How To Plan for Greenscreen

Greenscreen has become a popular tool in film making today. Though it may seem to be a simple thing to come by, there are many things to consider before jumping into such a project.

Step 1: Post Production

Though it may seem backwards, consider post production first when planning for greenscreen. You need to make sure that you have the resources to pay an effects person to fill in the greenscreen that you will be shooting. This may affect not only the quality of the effect, but also how much you use it as a tool. Though there are many ways to incorporate a greenscreen into your shots; think about how complex each situation will be when it is given to the effects person.

Step 2: Greenscreen Size

You now need to consider how big your greenscreen environment needs to be. If you have a set and all you need to greenscreen is the windows that would normally show the street outside, then you could probably use some 12'x12' fabric greenscreens draped on the other side. However, if you will be doing a lot of dolly moves with these windows in play, you will need bigger greenscreens to cover the change in perspective. If you are going to have your effects person build an entire environment, then you will need to rent a space with a smooth transition from wall to floor. This can then be painted green. You now have an entire room of greenscreen. These studio spaces come in different sizes, so use your shot list to find out exactly how much space you really need.

Step 3: Crew

If you are indeed going to be using a lot of greenscreen in complex ways, then you will probably want to hire a VFX person to supervise the shooting. Cinematographers have a basic knowledge of how to light greenscreens and keep them effective, but a VFX person will be constantly aware of how each shot will translate into the computer. They can also advise you with tools such as tracking markers when you have camera movement that will need to be matched later.

Step 4 : Maintenance

The effectiveness of a greenscreen depends on it being completely monochromatic.
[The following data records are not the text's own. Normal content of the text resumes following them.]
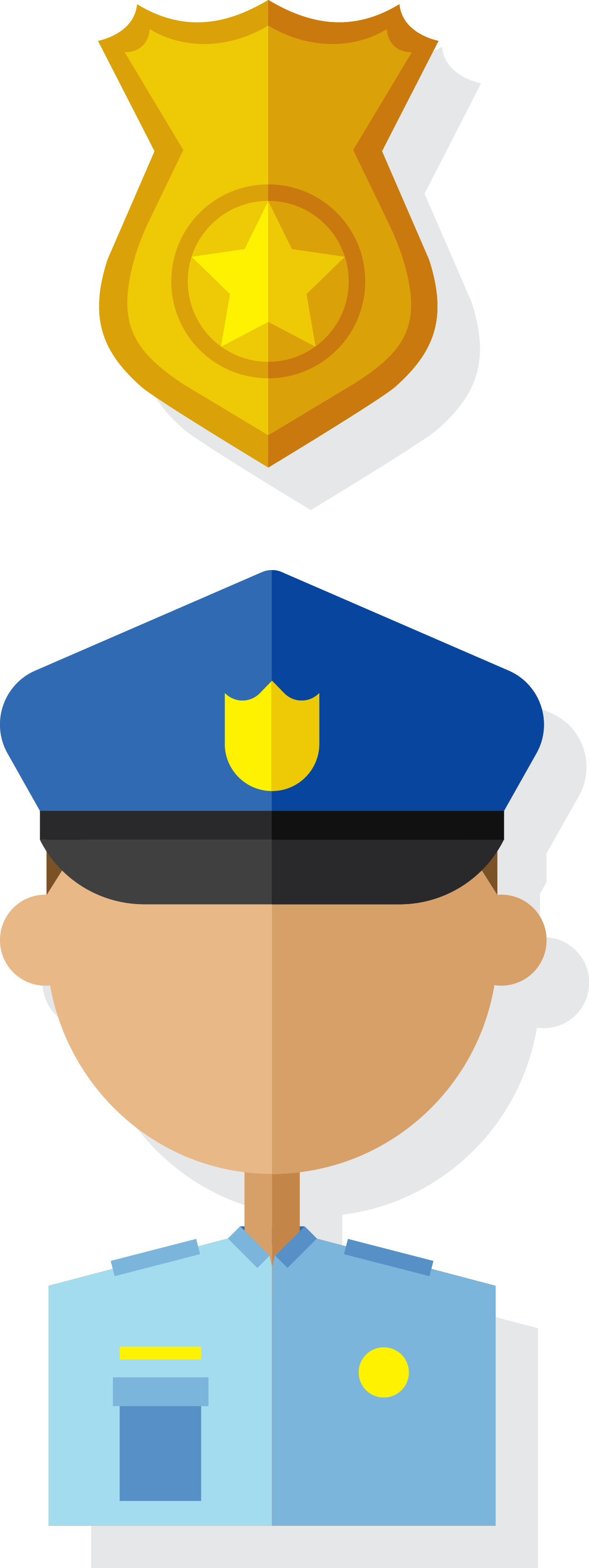 Police Officer Police Car - Police Officer Police Car (1287x3427)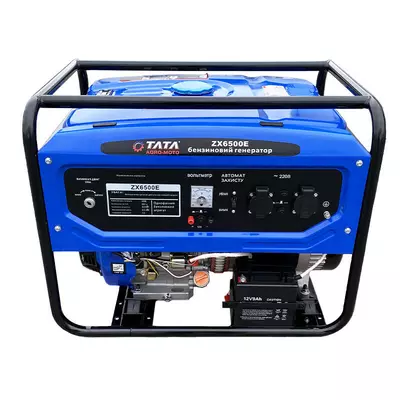 Генератор бензиновий  з електростартером TATA ZX6500E 5KW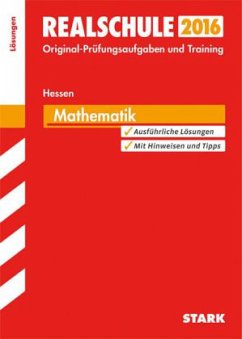 Cover Realschule 2016 - Mathematik, Hessen, Lösungen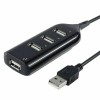 Unbranded Black USB 2.0 Hi-Speed 4-Port Splitter Hub For PC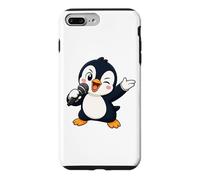 Funny Cartoon Penguin Singer Karaoke Fun Case for iPhone 7 Plus/8 Plus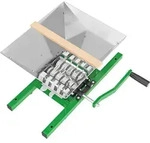Wiltec Obstm&uuml;hle mit 7L Trichter und Handkurbel Obsth&auml;cksler leicht zu...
So, you will need to take care of your greenscreens, as they will be affected by wear and tear as the days go by. For fabric greenscreens, keep people from walking on them and keep them neatly folded in a bag during transportation. If you are on a studio greenscreen, you cannot keep everyone off of the vast space. So, bring layout board to cover the floor between shots. Also bring some extra paint to paint over the inevitable scuffing that will happen.

Greenscreen shooting will require some forward thinking on your part. Plan ahead and keep your mind on the end results to get full use of this tool.